Circadin has been coadministered in studies with thioridazine and imipramine, active substances which affect the central nervous system. No clinically significant pharmacokinetic interactions were found in each case. However, Circadin coadministration resulted in increased feelings of tranquility and difficulty in performing tasks compared to imipramine alone, and increased feelings of "muzzy-headedness" compared to thioridazine alone.

4.6 Fertility, Pregnancy and Lactation

Effects on fertility.

No significant effects on fertility or reproductive performance were observed in rats given oral melatonin prior to mating through to early gestation at doses over 900-fold the recommended clinical dose, based on body surface area.
(Category B3)
No significant effects on embryofetal development were observed in rats given oral melatonin during the period of organogenesis at doses over 900-fold the recommended clinical dose, based on body surface area.
No clinical data on exposed pregnancies are available. In view of the lack of clinical data, use in pregnant women and by women intending to become pregnant is not recommended.
Maternal transfer of exogenous melatonin to the fetus via the placenta or milk has been demonstrated in several animal species including rats, hamsters, goats, monkeys and cows. A slight reduction in postnatal growth, viability and development was found in rats given oral melatonin during gestation through weaning at doses over 900-fold the recommended clinical dose, based on body surface area; the no-effect dose was over 250-fold the clinical dose.
Endogenous melatonin has been detected in human breast milk, thus exogenous melatonin is likely excreted into human milk. The effects of melatonin on the nursing infant have not been established. Therefore, breastfeeding is not recommended in women under treatment with melatonin.
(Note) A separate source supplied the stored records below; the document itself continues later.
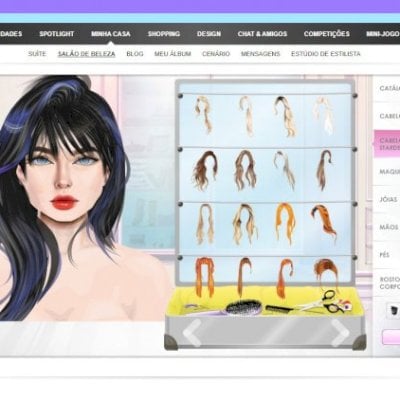 vendo conta de 15 anos no Stardoll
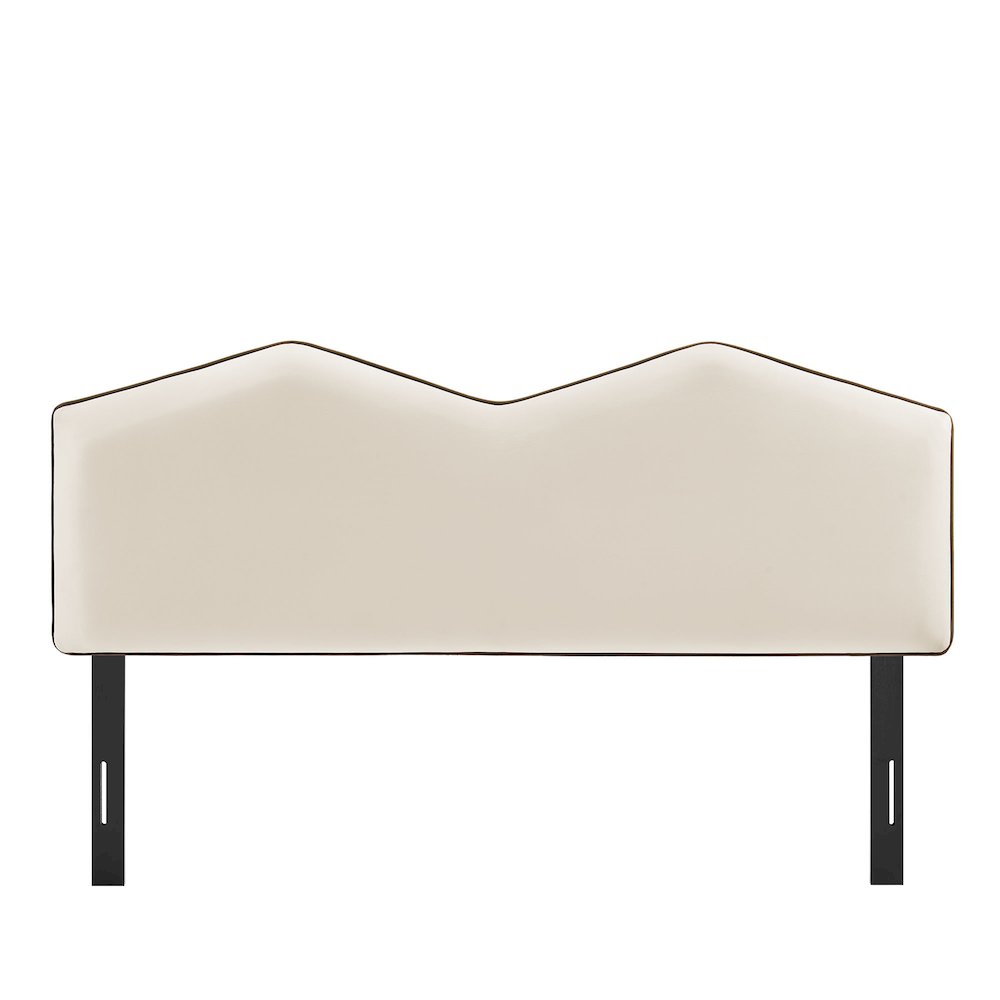 Cosette Performance Velvet King Size Headboard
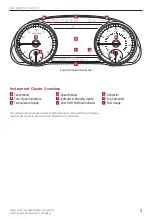 Preview for 5 page of Kia K 900 Features & Functions Manual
4.7 Effects on Ability to Drive and Use Machines

Circadin has negligible influence on the ability to drive and use machines. Nevertheless, patients should avoid engaging in hazardous activities (such as driving or operating machinery) after taking Circadin.
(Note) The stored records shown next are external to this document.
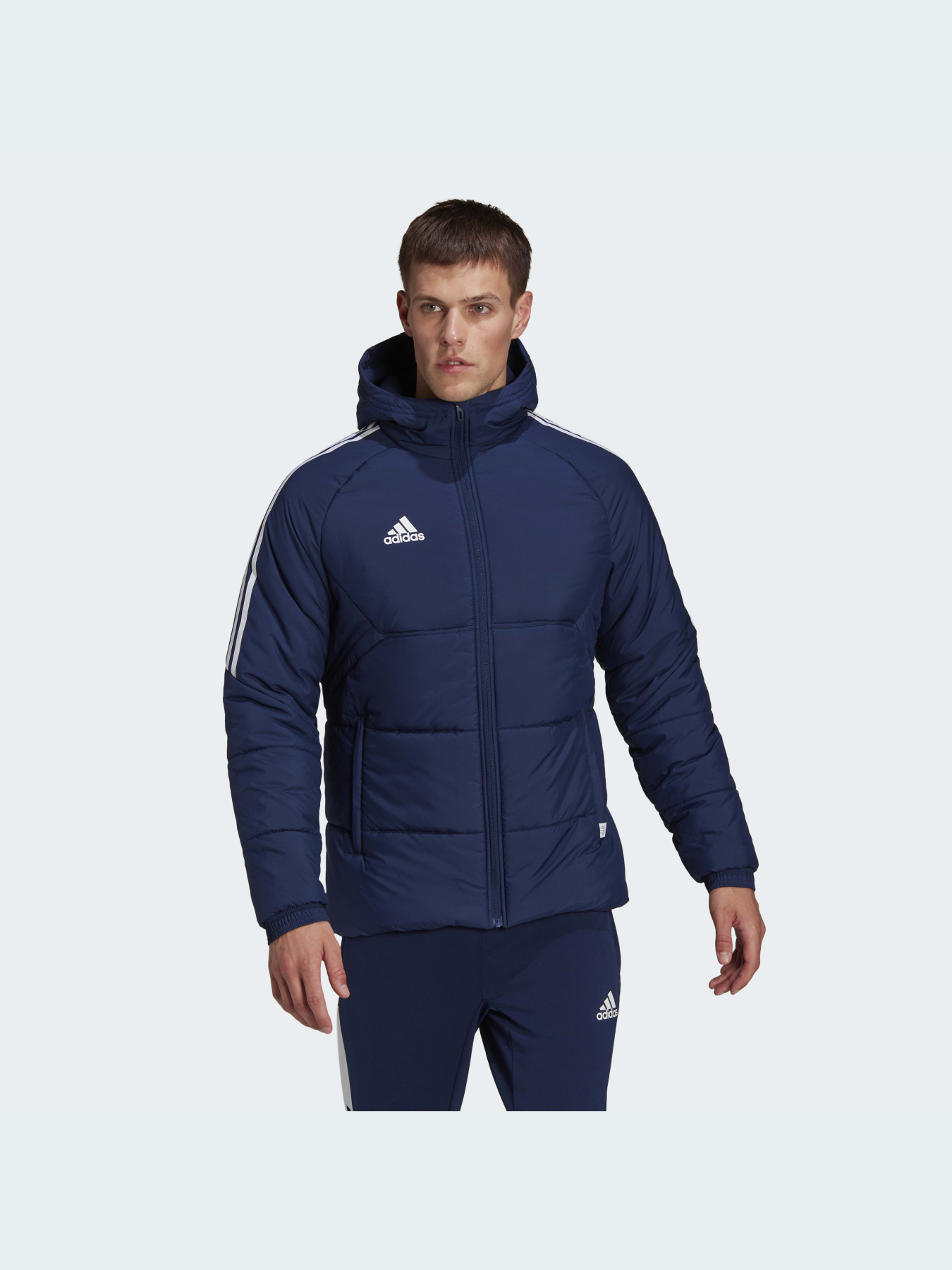 Зимова куртка Adidas Condivo модель HA6264 Фото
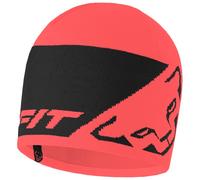 Dynafit Leopard Logo Beanie Rosso Uomo,Donna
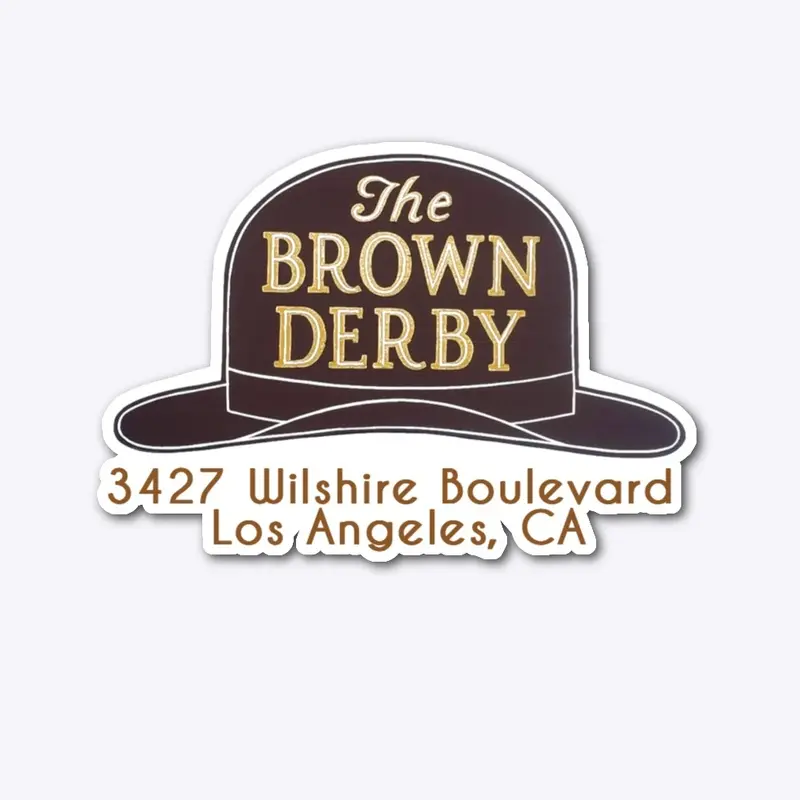 The Brown Derby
4.8 Adverse Effects (Undesirable Effects)

In clinical trials (in which a total of 1931 patients were taking Circadin and 1642 patients were taking placebo), 48.8% of patients receiving Circadin reported an adverse reaction compared with 37.8% taking placebo. Comparing the rate of patients with adverse reactions per 100 patient weeks, the rate was higher for placebo than Circadin (5.743 placebo vs. 3.013 Circadin). The most common adverse reactions were headache, nasopharyngitis, back pain, and arthralgia, which were common, by MedDRA definition, in both the Circadin and placebo treated groups. In the Circadin group, there were 72 cases (2.9% of the safety population) of adverse events leading to discontinuation of the patient. In the placebo group there were 62 cases (4.0% of the safety population) of adverse events leading to discontinuation of the patient. See Table 1.
The adverse reactions in Table 2 were reported in clinical trials and were defined as possibly, probably or definitely related to treatment. A total of 9.5% of subjects receiving Circadin reported an adverse reaction compared with 7.4% of subjects taking placebo. Only those adverse events occurring in subjects at an equivalent or greater rate than placebo have been included.
Within each frequency grouping, undesirable effects are presented in order of decreasing seriousness.
Very common (≥ 1/10); common (≥ 1/100 to < 1/10); uncommon (≥ 1/1,000 to < 1/100); rare (≥ 1/10,000 to < 1/1,000); very rare (< 1/10,000); not known (cannot be established from the available data).

Postmarketing data.

Psychiatric disorders.

Nightmares.

Reporting suspected adverse effects.

Reporting suspected adverse reactions after registration of the medicinal product is important. It allows continued monitoring of the benefit-risk balance of the medicinal product. Healthcare professionals are asked to report any suspected adverse reactions at www.tga.gov.au/reporting-problems.

4.9 Overdose

In general, the main therapy for all overdoses is supportive and symptomatic care.

Symptoms.

No case of overdose has been reported. Circadin has been administered at 5 mg daily doses in clinical trials over 12 months without significantly changing the nature of the adverse reactions reported.
Administration of daily doses of up to 300 mg of melatonin without causing clinically significant adverse reactions have been reported in the literature.
If overdose occurs, drowsiness is to be expected.

Treatment.

Clearance of the active substance is expected within 12 hours after ingestion. No special treatment is required.
For information on the management of overdose, contact the Poisons Information Centre on 13 11 26 (Australia) or National Poisons Centre on 0800 764 766 (New Zealand).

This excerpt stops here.